# WHAT IS EXPECTED
Only the lines from the one containing "Гель для мытья" through the final line below belong in the output, copied exactly and without pictures.

───── MATERIAL FOR THE TASK

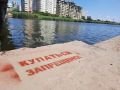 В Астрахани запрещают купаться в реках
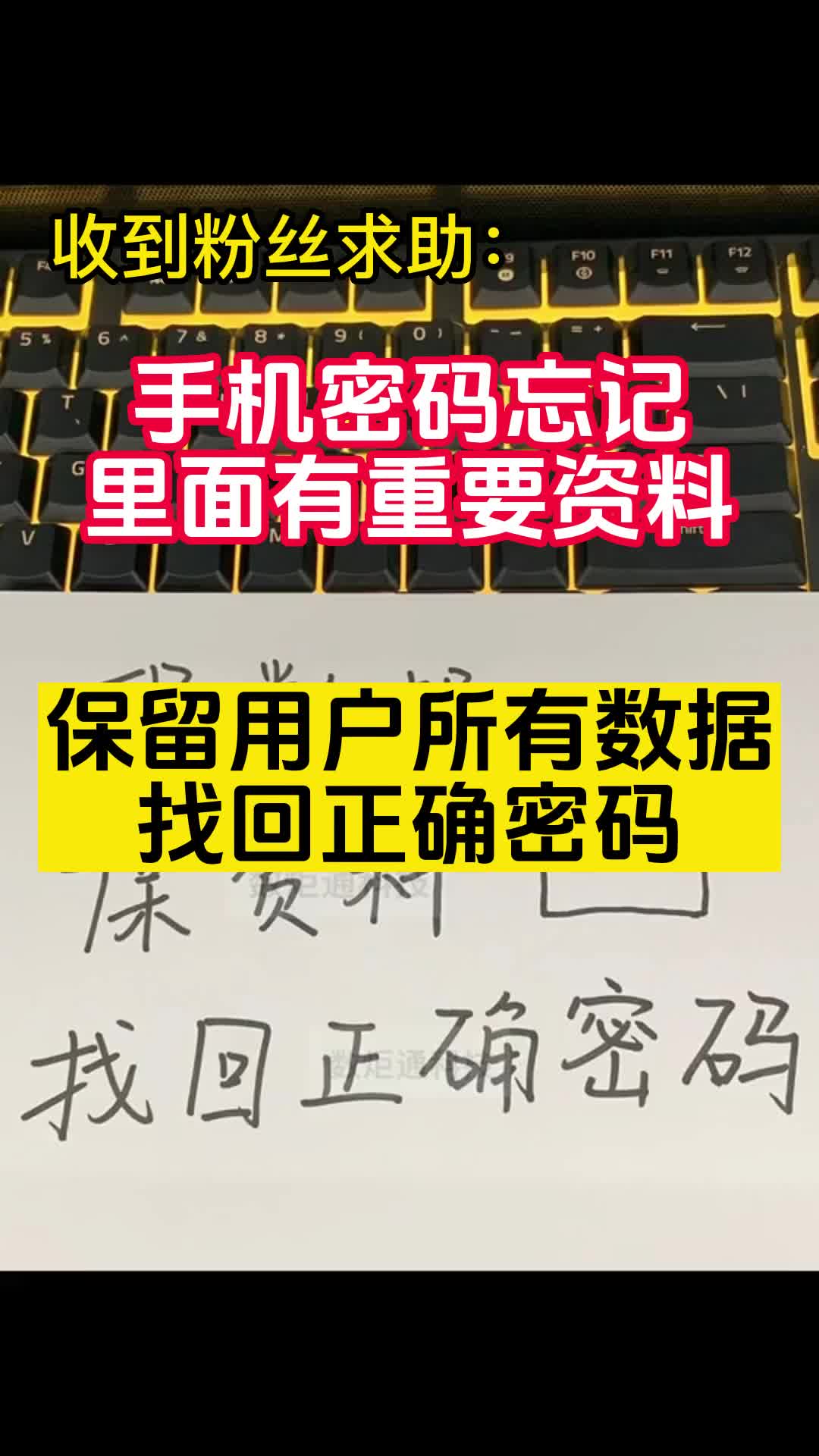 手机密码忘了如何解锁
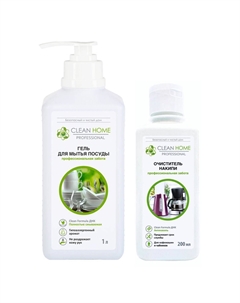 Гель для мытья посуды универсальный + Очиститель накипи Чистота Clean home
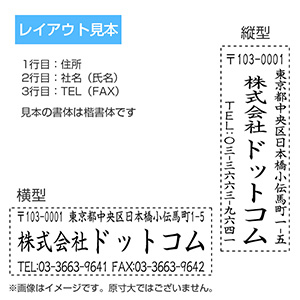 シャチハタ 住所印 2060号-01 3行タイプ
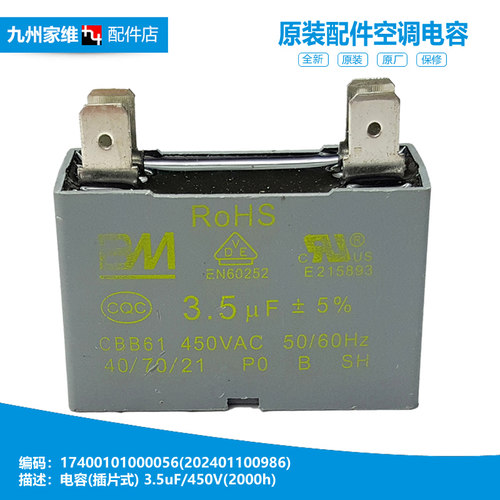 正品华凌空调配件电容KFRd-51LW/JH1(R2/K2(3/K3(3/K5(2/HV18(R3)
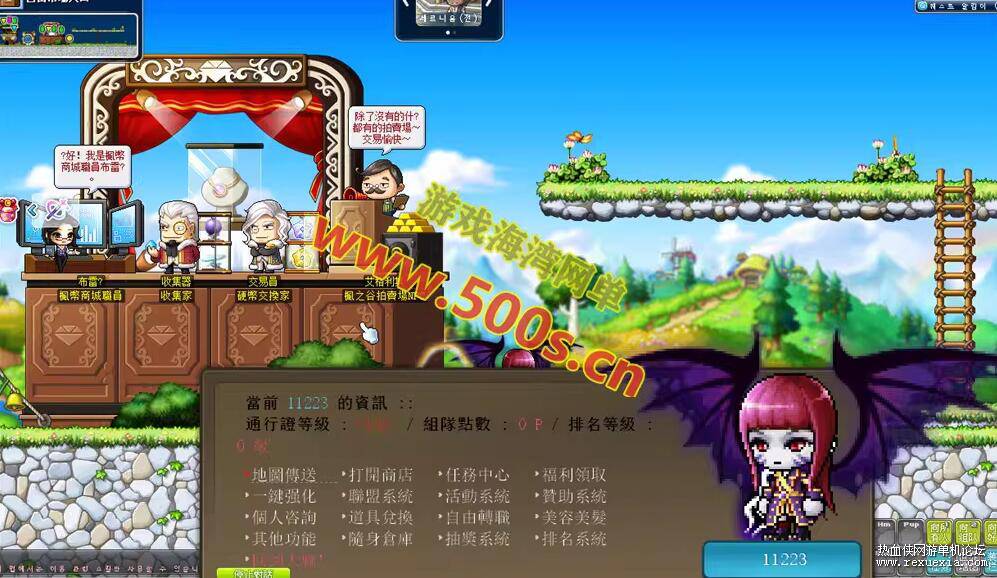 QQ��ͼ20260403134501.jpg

──────────

# REPLY
 Гель для мытья посуды универсальный + Очиститель накипи Чистота Clean home
 シャチハタ 住所印 2060号-01 3行タイプ
 正品华凌空调配件电容KFRd-51LW/JH1(R2/K2(3/K3(3/K5(2/HV18(R3)
 QQ��ͼ20260403134501.jpg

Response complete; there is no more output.